The Thirty Year War and its Consequences
The Thirty Year War (1618-1648) was a catastrophe. Both the town and university were suffering hunger and plague in equal measure, marauding and murdering soldiers decimated the population; citizens of the town and the university lost their fortunes; the silver treasures of the university were melted down, and the libraries were abducted.
During the final stage of the war Tübingen became the headquarters of the French. It took some time until the town and the university recovered from the devastation. The economic misery was accompanied by an intellectual narrowing. The formerly flourishing university (as distinguished in 1623 by Professor Wilhelm Schickard´s invention in the first mechanical calculator of the world) fell to the level of a moderate educational institution.
The professorships were held by individual families; free positions were commonly given to sons and sons-in-law. It is amazing that despite nepotism and despite the provincial situation influenced by confessionalism and absolutism of small state scholars with nationwide prominence like Rudolf Jakob Camerarius, the discoverer of the venereal nature of plants or Johann Georg Gmelin, explorer of Siberia, came to work at the university.
In the middle of the 18th century Duke Karl Eugen tried to help the university. But when the majority of Tübingen's professors defied his ideas for reforms, Karl Eugen founded the "Hohe Karlsschule" in Stuttgart, which Emperor Joseph awarded the status of university in 1781.

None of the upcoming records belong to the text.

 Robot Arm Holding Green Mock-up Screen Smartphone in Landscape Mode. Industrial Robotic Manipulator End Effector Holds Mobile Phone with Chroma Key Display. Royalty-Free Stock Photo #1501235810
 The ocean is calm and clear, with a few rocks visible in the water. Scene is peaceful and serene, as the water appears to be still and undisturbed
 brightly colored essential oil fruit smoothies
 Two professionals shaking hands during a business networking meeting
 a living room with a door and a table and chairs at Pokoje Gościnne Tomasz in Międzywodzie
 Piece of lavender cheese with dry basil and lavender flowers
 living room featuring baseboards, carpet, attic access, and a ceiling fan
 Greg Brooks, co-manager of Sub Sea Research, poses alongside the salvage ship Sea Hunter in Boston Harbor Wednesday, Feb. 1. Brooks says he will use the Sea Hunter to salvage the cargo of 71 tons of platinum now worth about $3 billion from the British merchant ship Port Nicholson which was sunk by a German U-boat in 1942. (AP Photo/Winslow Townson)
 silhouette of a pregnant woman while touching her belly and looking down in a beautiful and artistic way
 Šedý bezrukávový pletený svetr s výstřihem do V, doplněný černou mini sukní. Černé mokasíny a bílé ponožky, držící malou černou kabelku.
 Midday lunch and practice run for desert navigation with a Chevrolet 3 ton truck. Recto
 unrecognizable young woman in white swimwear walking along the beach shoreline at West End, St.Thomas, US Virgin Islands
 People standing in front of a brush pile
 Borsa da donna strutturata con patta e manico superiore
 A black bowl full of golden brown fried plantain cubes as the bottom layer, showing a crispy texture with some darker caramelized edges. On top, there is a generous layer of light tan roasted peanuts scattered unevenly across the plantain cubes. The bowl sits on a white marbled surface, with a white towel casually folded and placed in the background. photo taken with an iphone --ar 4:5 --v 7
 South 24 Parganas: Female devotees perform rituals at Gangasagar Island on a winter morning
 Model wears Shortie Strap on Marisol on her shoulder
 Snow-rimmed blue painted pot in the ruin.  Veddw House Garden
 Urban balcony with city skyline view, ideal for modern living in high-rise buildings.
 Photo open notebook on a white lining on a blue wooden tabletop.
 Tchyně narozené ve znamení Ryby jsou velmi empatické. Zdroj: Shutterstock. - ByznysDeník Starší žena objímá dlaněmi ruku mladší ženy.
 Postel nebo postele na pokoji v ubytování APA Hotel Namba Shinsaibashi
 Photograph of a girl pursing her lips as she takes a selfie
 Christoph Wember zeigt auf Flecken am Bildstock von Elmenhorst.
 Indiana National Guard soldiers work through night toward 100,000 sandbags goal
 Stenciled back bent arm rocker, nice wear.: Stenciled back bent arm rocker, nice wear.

In Tübingen the number of students dropped to under 200, which meant an economical downfall for the town. Not only the professors made their livings from the students, but also innkeepers, landlords, eateries, bookbinders, dressmakers, butchers, shoemakers, scribes of registers and so forth. Perhaps only the death of the Duke and thus the abrogation of the competitor from Stuttgart in 1794 prevented Tübingen from the worst.